The shortlist
for this year's Booker Prize for Fiction has been announced by The Booker
Prize Foundation. Former Booker winners Salman Rushdie and Margaret Atwood are
in the running for the literary honour for Quichotte and The Testaments respectively.
Culled by a
five-member jury comprising Hay Festival founder Peter Florence, Afua Hirsch,
Joanna MacGregor, Xiaolu Guo, and Liz Calder, six authors feature on
the shortlist. "The entries this year are a testament to a vibrant
and adventurous publishing industry. Anyone who reads these six books would be
enlightened and awe-struck," Florence said during the announcement made at
The British Library in London. The shortlist has been selected from 151 entries.
Shortlist for the Booker Prize 2019:
Margaret Atwood (Canada) – The Testaments (Vintage, Chatto
& Windus)
Margaret Atwood's sequel to The Handmaid's Tale picks
up the story fifteen years after Offred stepped into the unknown, with the
explosive testaments of three female narrators from Gilead.
Lucy Ellmann (USA/UK)
– Ducks,
Newburyport (Galley Beggar Press)
Latticing one cherry pie after another, an
Ohio housewife tries to bridge the gaps between reality and the torrent of
meaningless info that is the United States of America.
Bernardine Evaristo (UK) – Girl, Woman, Other (Hamish
Hamilton)
Girl, Woman, Other follows the lives and struggles
of twelve very different characters. Mostly women, black and British, they tell
the stories of their families, friends and lovers, across the country and
through the years.
Chigozie Obioma (Nigeria)
– An
Orchestra of Minorities (Little Brown)
A
contemporary twist on the Odyssey, An Orchestra of Minorities is
narrated by the chi, or spirit of a young poultry farmer named Chinonso. His
life is set off course when he sees a woman who is about to jump off a bridge
Salman Rushdie (UK/India) – Quichotte (Jonathan Cape)

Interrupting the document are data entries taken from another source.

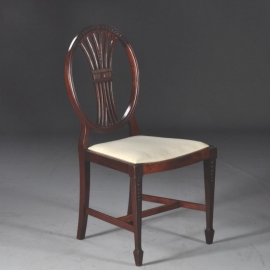 Antieke stoelen / Stel van 8 Engelse eetkamerstoelen  2 met armleuningen mahonie ca. 1925 Bekleding naar wens(No.673011)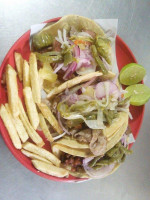 Taquería El Gallo food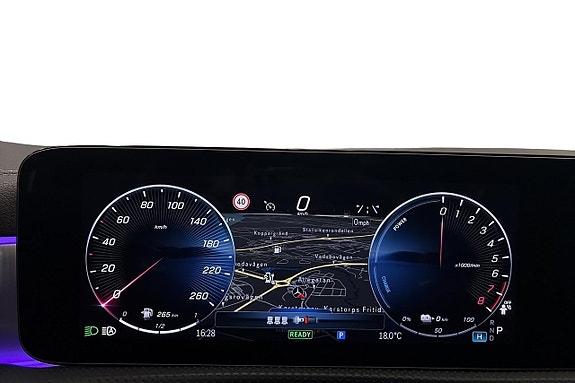 Mercedes-Benz CLA250 e 10 of 25
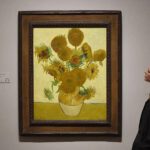 Ecologistas antipetróleo desfiguran pintura de Van Gogh valorada en 85 millones de dólares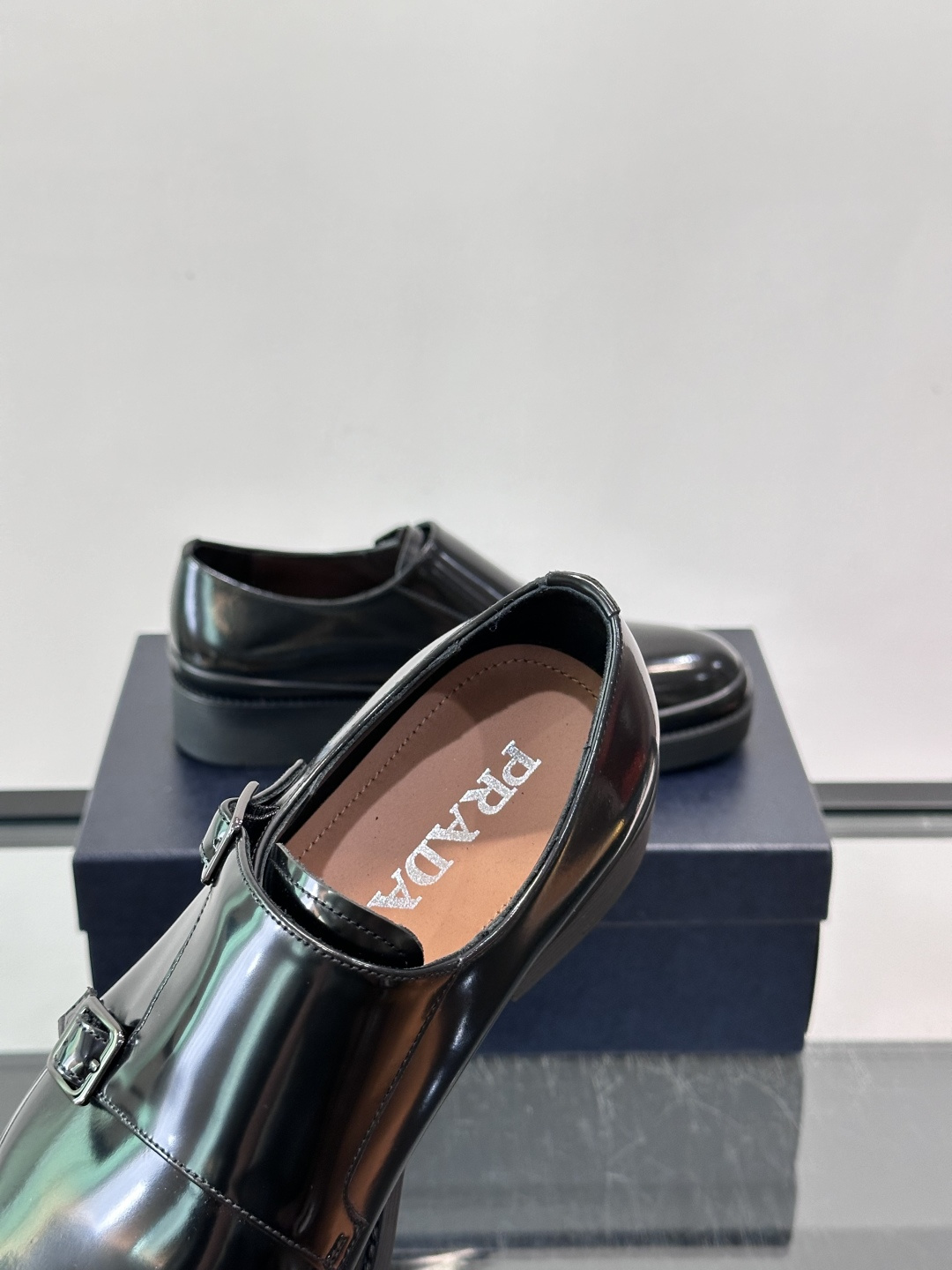 Prada双扣孟克皮鞋采用牛漆皮，光泽感满满，质感高级✨。标志性双扣带设计，金属扣件精致耐用，细节感十足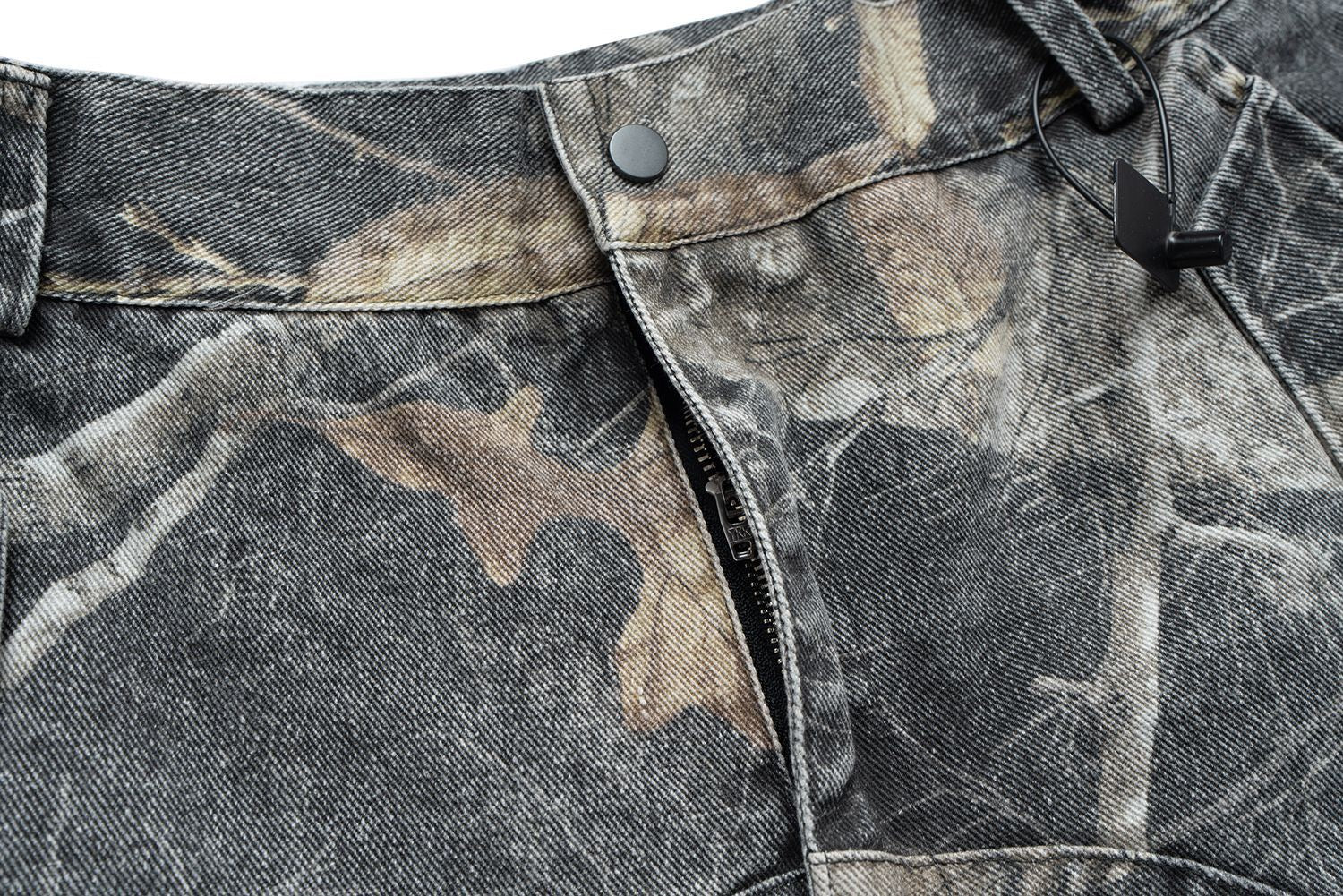Tactical Camo Paneled Cargo Shorts – Earth Bark Print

Inspired by the Cervantes classic, Sam
DuChamp, mediocre writer of spy thrillers, creates Quichotte, a courtly, addled
salesman obsessed with television, who falls in impossible love with a TV star.
Together with his (imaginary) son Sancho, Quichotte sets off on a picaresque
quest across America to prove worthy of her hand, gallantly braving the
tragicomic perils of an age where “Anything-Can-Happen”.